There was a catch, though—one that NASA soon had to grapple with. Miniaturization can only go so far before it comes to a crashing halt against some very fundamental laws of physics.
“Have you ever heard of a wicked problem?” Alfred Nash asks me.
Five years after the InSight landing, we are in his office on the third floor of the formulation building at the Jet Propulsion Laboratory, NASA’s sprawling research and development facility in Pasadena, California. The room is sparsely decorated. He recently changed offices, and many of his things are still in boxes stacked off to the side.
In 1973, he explains, two professors at UC Berkeley published a paper asserting that there are two kinds of problems. One type—the “tame” kind—can be solved with science and brute-force engineering. But there is another sort that is resistant to being solved with math and physics. In these complex problems, a group of stakeholders with differing value propositions want distinct and oftentimes contradictory outcomes. These are the “wicked” problems.
Nash says that when people think of formulating a space mission—turning a probe from scribbles on a notepad into hardware on a lathe—they imagine only the system-level design of a spacecraft. “What valves am I going to use? That kind of thing. But the problem is much, much more complex than that,” he says. It is, indeed, a wicked problem, with scientists, engineers, and project managers pulling projects in conflicting directions.

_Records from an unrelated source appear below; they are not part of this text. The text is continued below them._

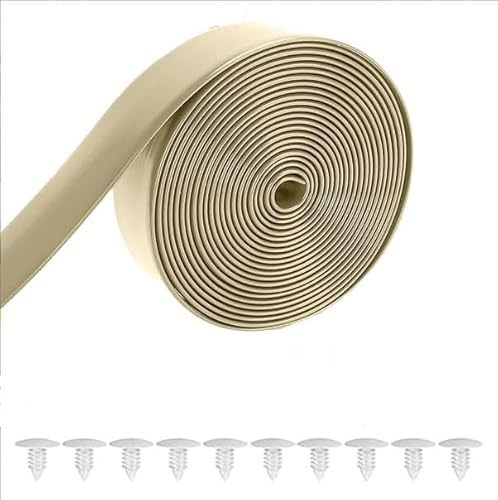 Gettimore 3.0 m Schneidbares PVC Ersatzband für Outdoor Terrasse Rasen & Strandkorb Reparatur - Wetterbeständig, leicht zu reinigen, inklusive 10 Nägel Holz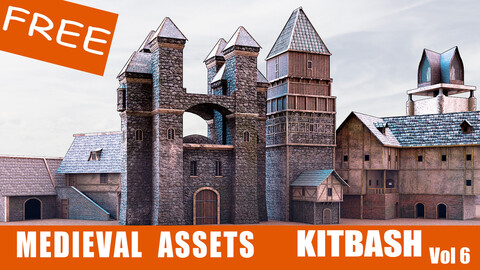 (Free) KITBASH : MEDIEVAL ASSETS+TEXTURES Vol 6.5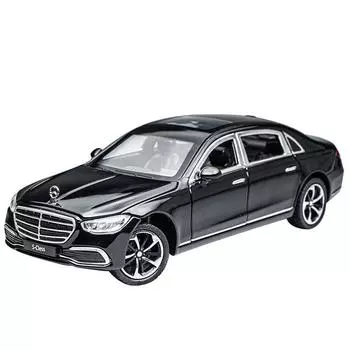 1/24 Модель игрушечного автомобиля из сплава Benz S400L Металлическая литая модель автомобиля Изысканное мастерство Коллекция Звук Свет Подарок на день рождения ребенка зелёный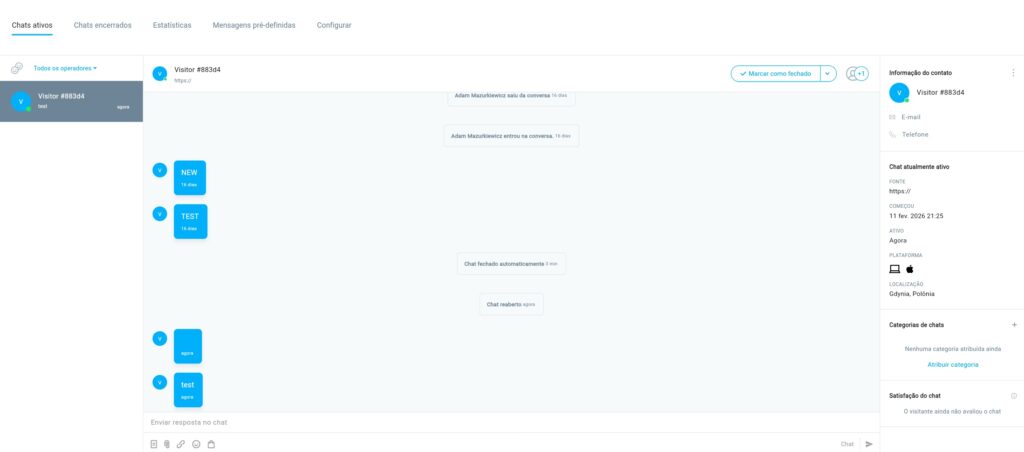 Página de gestão de chats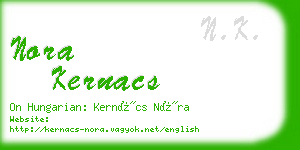 nora kernacs business card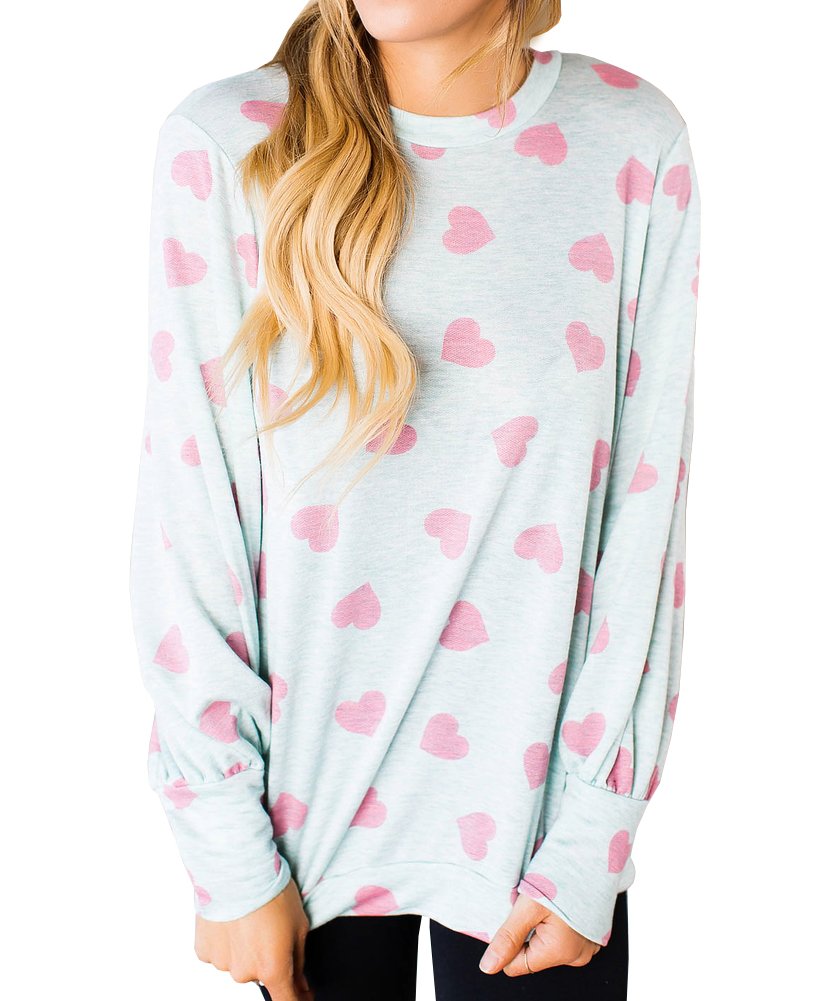Womens Long Sleeve Heart Prints Blouse Crew Neck Valentines Tshirt Sweatshirt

Nash helps design missions for a living. When planetary scientists from NASA and academia want to send robots somewhere strange to study something hard, they come to him and a small cadre at the JPL Innovation Foundry, not only to develop the spacecraft but to figure out what scientific measurements of a celestial object they can actually make given the budget and mass constraints that limit instrument payloads, and where such data would fit in the NASA portfolio.

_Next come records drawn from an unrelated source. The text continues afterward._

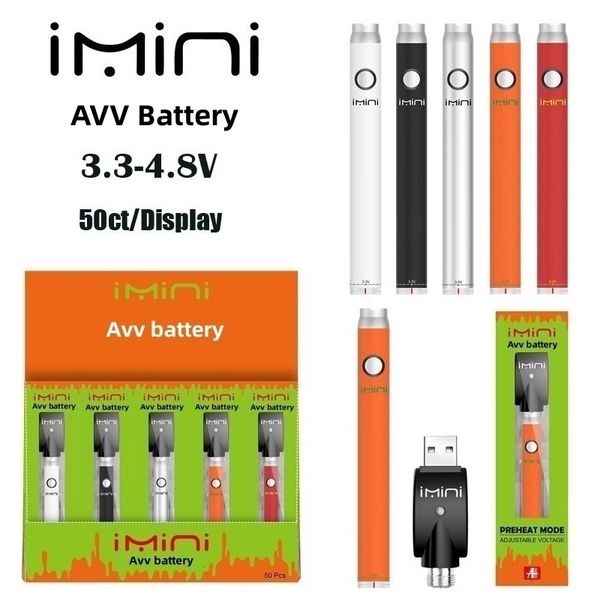 Batería original Imini AVV 380mAh Batería recargable de Vape desechable para D8 Vaporizador de aceite grueso / delgado Pluma 510 Suministro del fabricante de la batería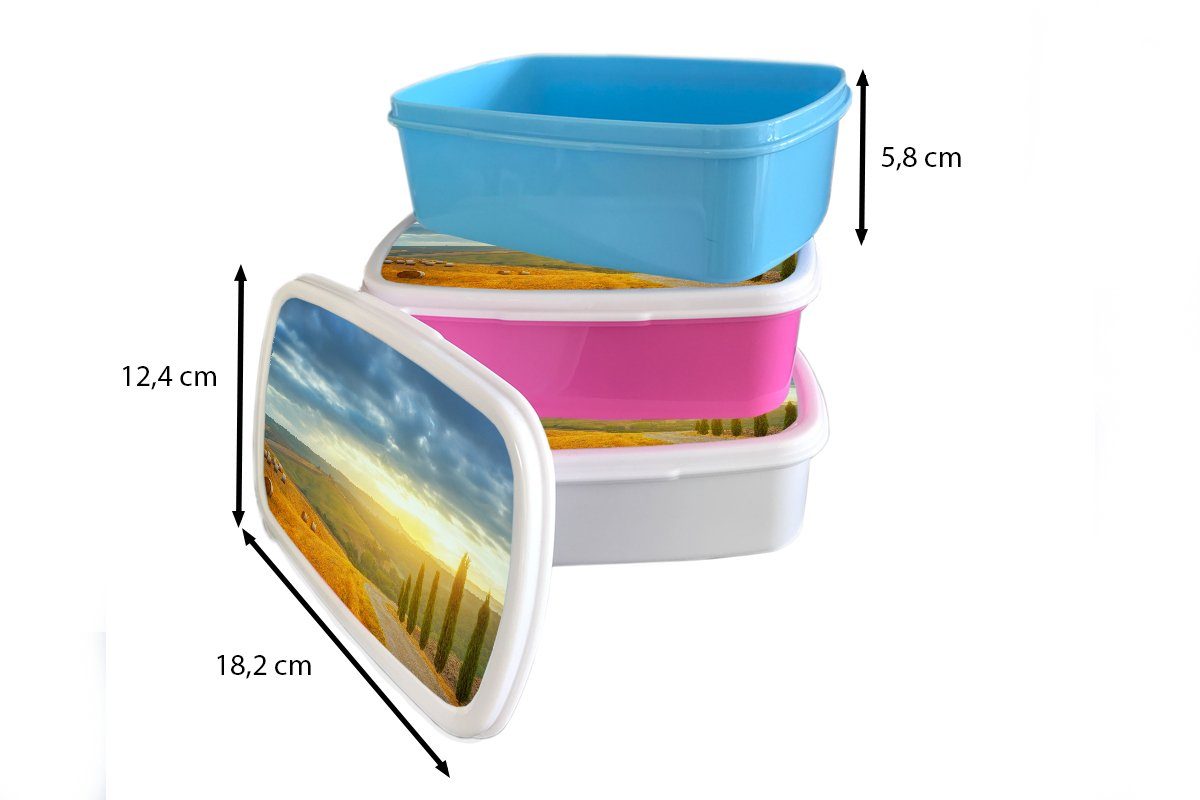 MuchoWow Lunchbox Toskana - Mädchen, Kunststoff Sonne, Brotdose (2-tlg), - rosa Heuballen Snackbox, Kunststoff, für Kinder, Erwachsene, Brotbox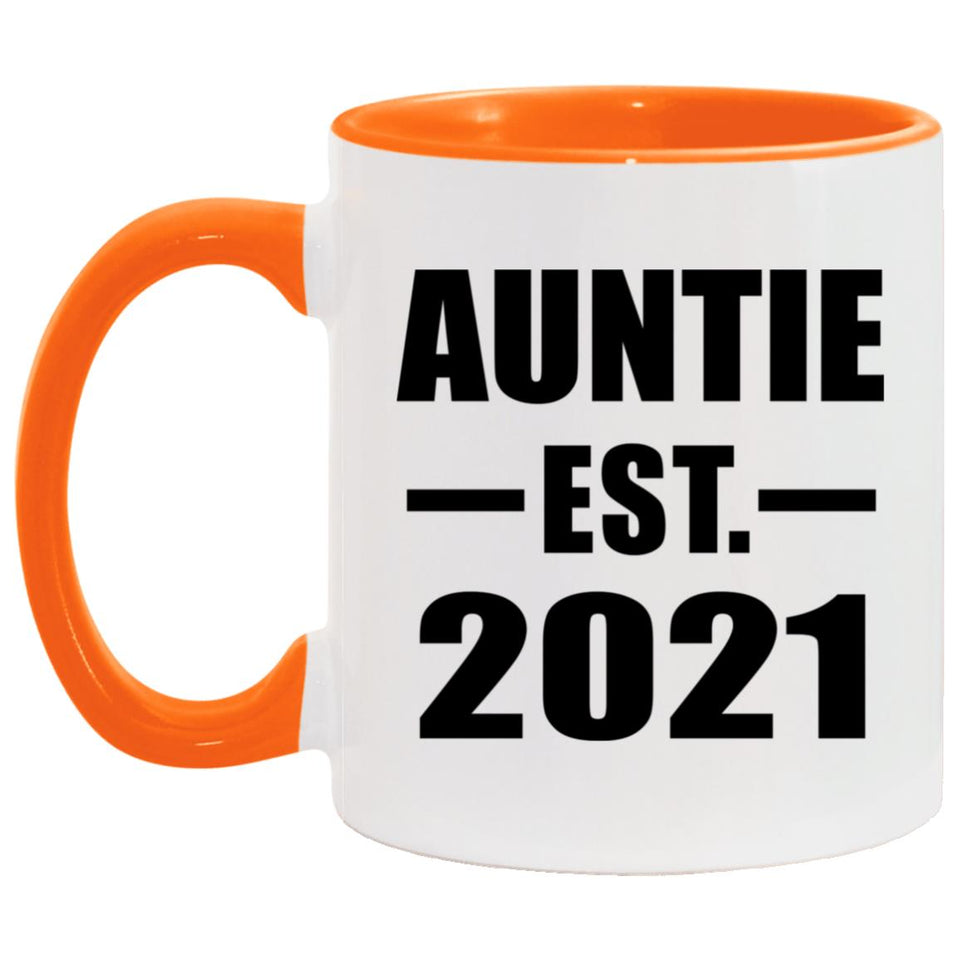 Auntie Established EST. 2021 - 11oz Accent Mug Orange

In one form or another, Nash has touched about half of all current JPL flight projects. Now, to show me what he’s talking about, he grabs a marker and draws a Venn diagram of three circles on his office whiteboard. He labels one desirability, one feasibility, and one viability. Where the three intersect, he writes the word possibility. “Rocket science is not the hard part of this job,” he says. Before any spacecraft flies, it must satisfy three conditions: a scientist must need the data it can collect, engineers must be able to build it, and NASA must be willing to pay for it. Each step in the development of the mission goes toward strengthening those three things simultaneously—and not everyone can get everything they want. The zero-sum principles of game theory apply; no player can do better without somebody else doing worse. “That’s mission design in a nutshell,” he says.
In developing a spacecraft, Team X engineers for each subsystem work in parallel. You’re building a house all at once. While someone is building the chimney, someone else is building the roof and another is designing the air-conditioning system.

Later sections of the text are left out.